We tend to gravitate naturally toward a state of equilibrium and comfort, because it feels good. –And most of us like feeling good. But without a certain amount of stress, even our bones don’t grow. While we seem to understand facts like this about our bones, it’s much more difficult to accept the premise that we also need to be challenged and stretched both emotionally and spiritually in order to grow.

In a recent article published in the Wall Street Journal, Nassim Nicholas Taleb makes the comment, “Newspapers discuss post-traumatic stress disorder, but nobody seems to account for post-traumatic growth.”  He goes on to postulate that any society remains in a fragile state if it can’t collectively grow, adjust, and recover from unexpected, life-changing events. I would add that these events, while painful, also carry within them the necessary seeds to germinate new growth.
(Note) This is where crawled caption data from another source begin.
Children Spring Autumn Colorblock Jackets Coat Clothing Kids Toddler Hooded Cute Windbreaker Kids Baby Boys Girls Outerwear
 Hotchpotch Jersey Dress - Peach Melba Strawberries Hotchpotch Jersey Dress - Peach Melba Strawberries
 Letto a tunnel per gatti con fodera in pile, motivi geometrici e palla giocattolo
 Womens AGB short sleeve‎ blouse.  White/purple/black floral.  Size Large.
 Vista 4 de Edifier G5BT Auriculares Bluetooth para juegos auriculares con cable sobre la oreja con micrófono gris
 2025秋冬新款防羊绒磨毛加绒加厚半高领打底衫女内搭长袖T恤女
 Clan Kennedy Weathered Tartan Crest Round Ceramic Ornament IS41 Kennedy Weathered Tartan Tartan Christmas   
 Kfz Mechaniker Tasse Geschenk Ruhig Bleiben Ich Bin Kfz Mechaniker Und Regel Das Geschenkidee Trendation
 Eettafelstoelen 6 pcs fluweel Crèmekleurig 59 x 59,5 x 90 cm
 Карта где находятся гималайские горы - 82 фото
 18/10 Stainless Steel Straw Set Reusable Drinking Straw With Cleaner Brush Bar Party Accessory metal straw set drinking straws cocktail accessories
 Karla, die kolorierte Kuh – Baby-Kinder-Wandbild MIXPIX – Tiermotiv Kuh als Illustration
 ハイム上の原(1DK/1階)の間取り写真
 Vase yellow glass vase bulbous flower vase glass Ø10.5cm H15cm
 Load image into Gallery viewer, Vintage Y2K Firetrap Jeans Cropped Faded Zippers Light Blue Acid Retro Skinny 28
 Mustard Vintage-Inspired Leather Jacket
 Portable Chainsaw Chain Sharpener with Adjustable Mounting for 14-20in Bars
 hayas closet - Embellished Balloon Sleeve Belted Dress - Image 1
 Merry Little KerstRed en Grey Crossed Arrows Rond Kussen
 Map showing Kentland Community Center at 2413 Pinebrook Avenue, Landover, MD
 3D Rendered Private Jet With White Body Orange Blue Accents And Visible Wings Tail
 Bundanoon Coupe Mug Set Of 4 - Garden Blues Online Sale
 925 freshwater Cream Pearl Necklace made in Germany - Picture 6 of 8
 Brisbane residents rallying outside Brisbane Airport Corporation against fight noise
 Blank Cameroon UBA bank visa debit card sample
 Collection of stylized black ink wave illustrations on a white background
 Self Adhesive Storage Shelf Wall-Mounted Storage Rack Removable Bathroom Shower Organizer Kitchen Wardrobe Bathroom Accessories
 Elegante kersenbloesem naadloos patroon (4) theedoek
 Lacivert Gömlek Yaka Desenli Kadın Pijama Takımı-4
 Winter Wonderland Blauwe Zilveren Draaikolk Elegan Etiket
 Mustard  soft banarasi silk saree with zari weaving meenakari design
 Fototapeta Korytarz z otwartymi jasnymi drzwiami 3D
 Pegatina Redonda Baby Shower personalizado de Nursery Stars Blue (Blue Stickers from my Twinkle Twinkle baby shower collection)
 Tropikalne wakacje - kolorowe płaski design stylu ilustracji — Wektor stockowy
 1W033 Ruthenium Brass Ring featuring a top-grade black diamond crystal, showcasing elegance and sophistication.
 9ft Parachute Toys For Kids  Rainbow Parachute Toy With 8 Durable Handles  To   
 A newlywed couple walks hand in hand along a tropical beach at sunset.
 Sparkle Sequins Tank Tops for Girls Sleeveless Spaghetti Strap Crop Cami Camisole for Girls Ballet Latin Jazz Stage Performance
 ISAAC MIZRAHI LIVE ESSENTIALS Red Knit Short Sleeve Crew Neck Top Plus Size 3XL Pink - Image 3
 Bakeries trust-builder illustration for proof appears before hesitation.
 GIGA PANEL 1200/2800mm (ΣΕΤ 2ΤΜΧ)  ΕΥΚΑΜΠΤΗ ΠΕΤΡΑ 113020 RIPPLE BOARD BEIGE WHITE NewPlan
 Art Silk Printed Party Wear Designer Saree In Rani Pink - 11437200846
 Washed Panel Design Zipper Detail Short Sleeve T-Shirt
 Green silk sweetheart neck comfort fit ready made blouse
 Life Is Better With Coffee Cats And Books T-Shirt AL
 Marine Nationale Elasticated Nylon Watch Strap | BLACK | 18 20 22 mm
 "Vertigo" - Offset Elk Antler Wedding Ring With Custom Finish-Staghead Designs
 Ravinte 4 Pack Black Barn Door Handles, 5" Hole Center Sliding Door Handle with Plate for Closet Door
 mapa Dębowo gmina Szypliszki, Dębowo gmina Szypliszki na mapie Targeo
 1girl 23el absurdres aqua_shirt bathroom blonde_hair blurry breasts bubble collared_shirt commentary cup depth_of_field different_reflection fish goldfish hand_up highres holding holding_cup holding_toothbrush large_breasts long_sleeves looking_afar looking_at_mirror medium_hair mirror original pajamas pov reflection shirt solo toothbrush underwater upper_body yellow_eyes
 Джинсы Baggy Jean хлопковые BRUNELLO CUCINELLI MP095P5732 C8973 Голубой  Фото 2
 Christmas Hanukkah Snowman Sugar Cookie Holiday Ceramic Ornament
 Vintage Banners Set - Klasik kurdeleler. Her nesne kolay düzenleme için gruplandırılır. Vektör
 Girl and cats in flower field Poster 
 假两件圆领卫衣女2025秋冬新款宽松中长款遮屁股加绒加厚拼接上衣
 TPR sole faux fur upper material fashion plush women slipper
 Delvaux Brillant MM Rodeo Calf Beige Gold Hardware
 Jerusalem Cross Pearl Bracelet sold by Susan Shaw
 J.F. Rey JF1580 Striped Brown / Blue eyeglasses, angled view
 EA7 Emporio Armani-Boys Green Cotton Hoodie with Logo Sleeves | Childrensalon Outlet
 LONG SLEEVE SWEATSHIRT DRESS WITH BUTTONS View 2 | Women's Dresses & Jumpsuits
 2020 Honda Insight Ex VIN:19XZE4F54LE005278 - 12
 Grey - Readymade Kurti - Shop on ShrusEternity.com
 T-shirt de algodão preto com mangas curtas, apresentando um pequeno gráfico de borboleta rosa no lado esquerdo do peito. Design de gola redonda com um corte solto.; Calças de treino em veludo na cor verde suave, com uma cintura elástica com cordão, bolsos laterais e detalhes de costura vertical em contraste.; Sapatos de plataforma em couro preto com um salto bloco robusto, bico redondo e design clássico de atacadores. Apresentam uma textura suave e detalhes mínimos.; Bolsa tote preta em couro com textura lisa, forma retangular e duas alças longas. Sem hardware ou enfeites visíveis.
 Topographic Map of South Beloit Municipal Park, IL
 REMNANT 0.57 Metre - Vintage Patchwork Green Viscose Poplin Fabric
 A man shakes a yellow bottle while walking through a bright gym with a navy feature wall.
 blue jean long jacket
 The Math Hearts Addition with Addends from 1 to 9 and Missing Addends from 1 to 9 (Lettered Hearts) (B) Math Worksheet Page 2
The same may also be said of our faith.  When our faith is tried and tested; when we meet adversity with patience, and an eventual acceptance of whatever situation we find ourselves in, our faith grows. We become stronger, and our faith hardens into a state that Taleb might call “anti-fragile.”  That is, we become much more able to manage change and the pain of unanticipated events.

Cracking and shattering into bits of broken glass, and stubbornly refusing to move on when life gets hard, does not improve our situation, nor does it afford us the chance to strengthen and improve who we are. Choose faith.